Apple Inc decided to discontinue its default practice of keeping audio recordings of requests made by users to its personal assistant Siri and also decided to restrict the access to those audio recordings available only to its employees for human review rather than to be carried out by the contractors, said the company on Wednesday.
The move came following last month’s changes company has made by putting a program called Siri grading on hold. The program was of reviewing the audio recordings by humans to see whether the assistant responded correctly or not to the requests made by users to perform tasks like marking read or unread messages, or correctly replied the details of upcoming calendar appointments when inquired by the users.
But the iPhone maker paused that program after a newspaper report in the Guardian newspaper that its contractors, which are outsourced to carry out human reviews as part of that Siri grading program, have regularly heard user’s confidential information, drug deal and even couples having sex.
After increasing scrutiny of data privacy practices by public and political authorities, Silicon Valley companies are now under more pressure to exercise greater transparency in handling the user data as after a Dutch audio data leak, Alphabet Inc’s Google also hold all the human reviews of audio recordings from its Google assistant service for any purpose or in any language.

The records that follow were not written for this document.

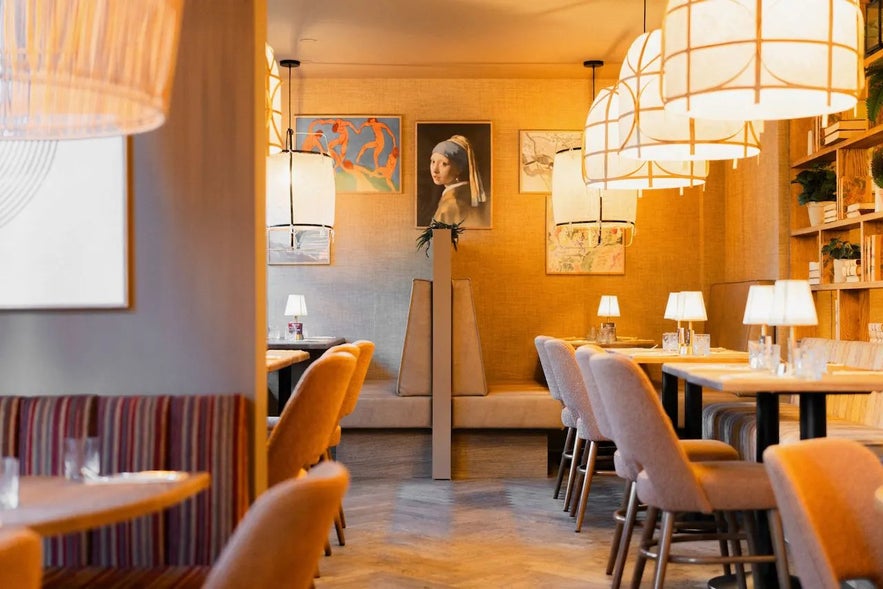 Stylish restaurant interior with warm lighting, modern art, and cozy seating at Froken Selfoss.
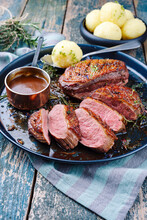 Traditional Barbecue Gourmet Duck Breast Filet With Skin Served With Dark Beer Sauce As Close-up On A Rustic Plate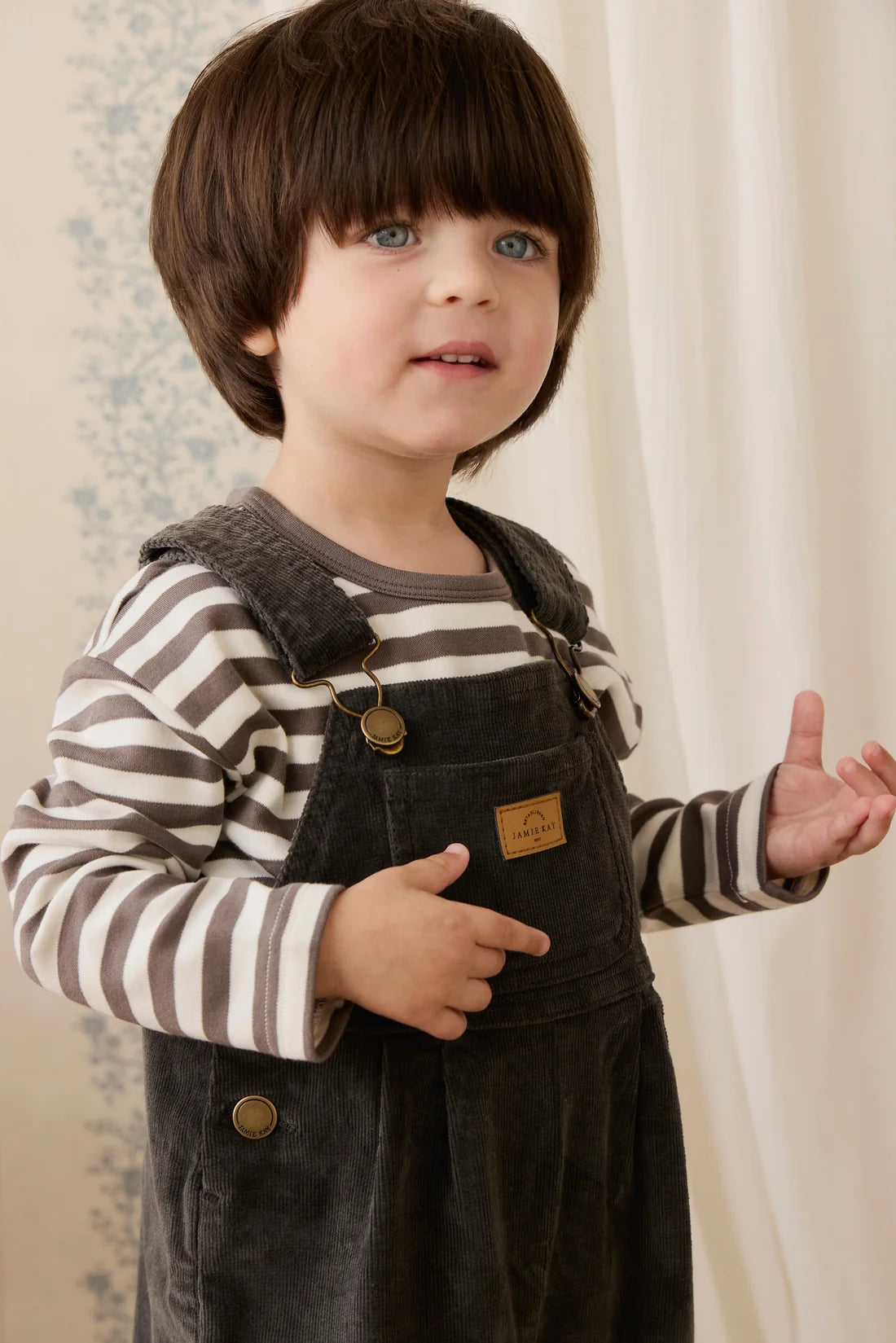 A toddler with dark brown hair and blue eyes wearing dark gray corduroy overalls over a brown and white striped long-sleeve shirt, standing indoors against a cream curtain background.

Apple remained the biggest promoter of privacy practices and to stand high from its rivals in data privacy practices the company came up taking several measures since introduction of Siri in 2011 with limited collection of user’s data. The measures involve deletion of audio recordings after a specific period, identification of user by a number chosen randomly and not sending of user’s specific data on its servers like calendar appointments or unread messages.